Selain banyaknya anak-anak yang melakukan tindak pidana, Aji juga mengungkapkan kekhawatirannya atas maraknya kasus kekerasan terhadap anak.

Kejaksaan Negeri Indramayu memusnahkan ratusan jenis barang bukti. Foto: Daniswara/mhnews.id
“Saat ini kasus kekerasan terhadap anak sangat marak sehingga harus menjadi perhatian serius dari semua pihak,” ujarnya.
Dalam kesempatan itu Aji Prasetya mengatakan Kejaksaan Negeri akan memusnahkan barang bukti dari 156 perkara yang telah memiliki kekuatan hukum tetap dari tindak pidana umum periode Januari – Juli 2023.
Barang bukti yang dimusnahkan meliputi narkotika, psikotropika, obat terlarang, uang palsu, senjata tajam, serta barang bukti lainnya yang telah memiliki kekuatan hukum tetap (inkracht) dari putusan Pengadilan.
Kepala Kejaksaan Negeri Indramayu, Aji Prasetya menjelaskan, pemusnahan barang bukti tersebut merupakan hasil sinergitas penegakan hukum 4 pilar. Saat ini kecenderungan pelaku tindak pidana selain dilakukan orang dewasa, ternyata juga dilakukan oleh anak-anak.
Aji menambahkan, barang bukti yang dimusnahkan yaitu sabu seberat 78,26 gram, ganja 2 seberat 2.331,82 gram, dan psikotropika berupa Alprazolam sebanyak 76 butir.
Selain itu ada Merlopam sebanyak 10 butir, obat-obatan berupa dextrometorphan sebanyak 1.241 butir, hexymer sebanyak 3.647 butir, tramadol sebanyak 3.925 butir, dan trihexyphenidyl sebanyak 24 butir.
Barang bukti lainnya yang juga dimusnahkan yakni 122 alat judi, 57 buah handphone, 1 pucuk softgun, 23 buah senjata tajam, 72 buah kunci perkakas, 32 potong pakaian, dan uang palsu sejumlah Rp 3.280.000,00 (Tiga Juta Dua Ratus Delapan Puluh Ribu Rupiah).
Berkaitan dengan semakin maraknya tindak pidana yang dilakukan anak-anak, Plt.

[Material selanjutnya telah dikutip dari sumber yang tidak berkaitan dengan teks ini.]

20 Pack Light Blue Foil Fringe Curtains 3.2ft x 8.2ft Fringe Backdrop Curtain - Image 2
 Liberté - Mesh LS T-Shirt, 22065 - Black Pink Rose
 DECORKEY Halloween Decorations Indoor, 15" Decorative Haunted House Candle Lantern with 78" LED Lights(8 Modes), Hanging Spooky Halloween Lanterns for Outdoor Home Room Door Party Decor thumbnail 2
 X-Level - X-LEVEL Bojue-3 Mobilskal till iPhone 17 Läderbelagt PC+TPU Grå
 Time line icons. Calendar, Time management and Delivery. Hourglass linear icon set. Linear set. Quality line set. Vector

Kepala Badan Kesatuan Bangsa dan Politik (Kesbangpol) Kabupaten Indramayu, Suwenda mengatakan segera melakukan langkah preventif.
“Kami akan segera melakukan langkah preventif bersama instansi lainnya untuk meminimalisir kenakalan remaja yang dilakukan oleh anak-anak usia sekolah di Kabupaten Indramayu,” ujarnya.